DNA is subject to continuous oxidative damage from oxygen radicals generated during normal cellular respiration (Loft et al., 1992, Loft et al., 1994). Unrepaired DNA damage can lead to mutation and possibly cancer (Ames, 1989, Guyton and Kensler, 1993, Hemminki, 1993). Environmental exposures that increase the rate of damage above background levels increase the potential for unrepaired lesions to become permanent mutations (Kuchino et al., 1987, Feig et al., 1994). This concept has led to the use of oxidative DNA damage in the assessment of occupational and environmental exposures to chemicals that are capable of inducing an oxidative stress. Oxygen-based radicals can produce a variety of DNA lesions (Breen and Murphy, 1995), but the 8-hydroxydeoxyguanosine (8OHdG) adduct has been used most extensively as a biomarker of effect (Loft et al., 1993, Tagesson et al., 1993, Lagorio et al., 1994, Schins et al., 1995, Liu et al., 1996, Loft and Poulsen, 1998, Toraason, 1999).
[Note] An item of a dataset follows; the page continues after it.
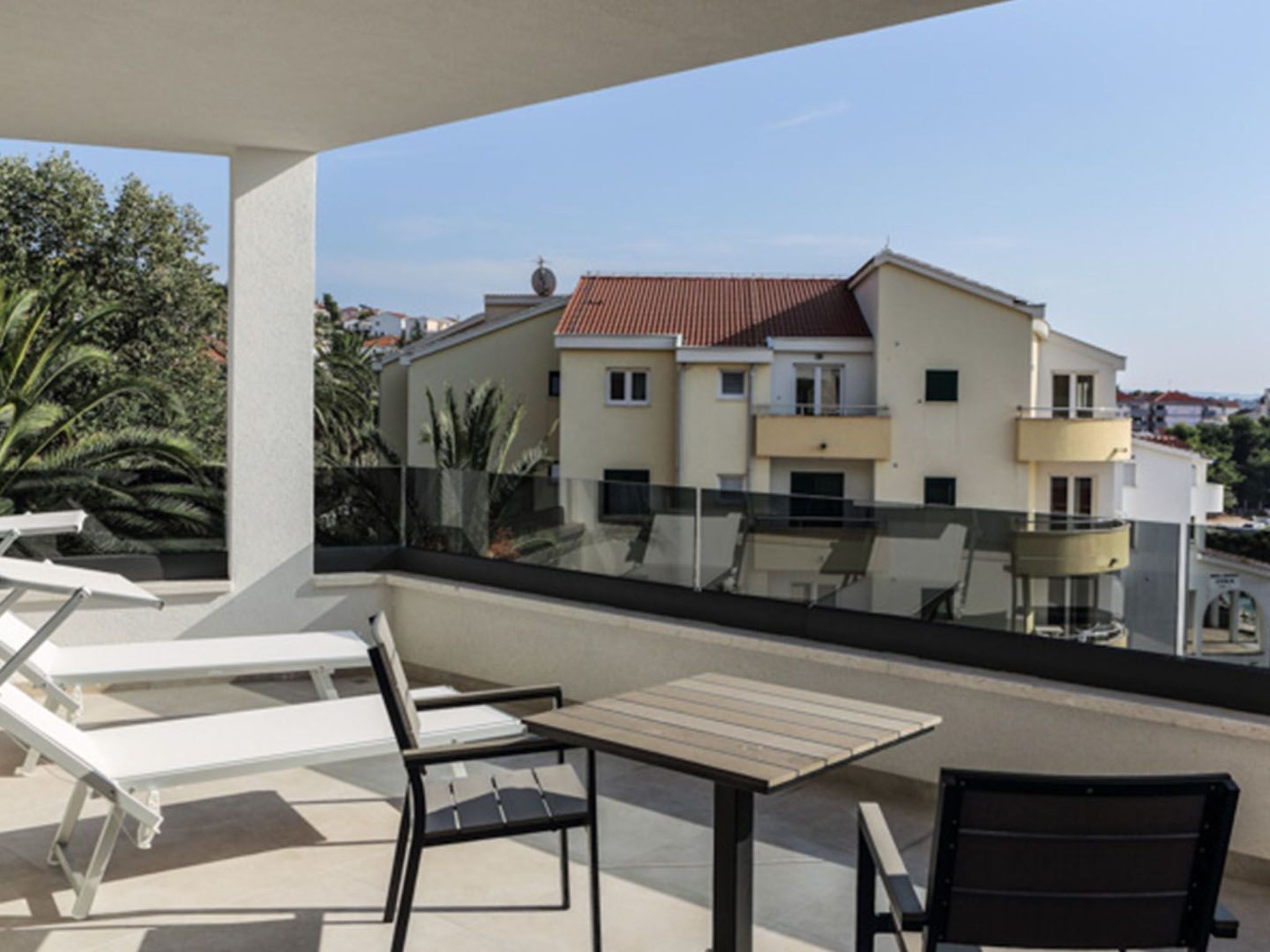 Luxusvilla Viola mit Pool, Sauna und Fitnessraum-Drinnen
The objective of the present study was to determine if a single exposure to PERC or TCE could induce an oxidative stress in rats that is detectable in urine using a rapid and relatively inexpensive immunoassay for 8OHdG. Malondialdehyde assessed by the Thiobarbituric Acid-Reactive Substances (TBARS) assay is the most widely used marker of lipid peroxidation resulting from oxidative stress. Although the rapid metabolism of malondialdehyde makes it unreliable as a urinary biomarker (DeZwart et al., 1998), it is applicable for assessing oxidative damage in target tissues of experimental animals. In the present study, the TBARS assay was used to determine if TCE or PERC exposures induced oxidative damage in liver or kidney. 8-Epi-prostaglandin F_2α (8epiPGF) is a free radical-catalyzed isomer of arachidonic acid and has proven useful in exploring the role of free radicals in disease processes because it does not undergo metabolism in the body and is stable in excreted urine (Morrow and Roberts, 1997). 8epiPGF was used as a urinary marker of oxidative damage to cell membranes.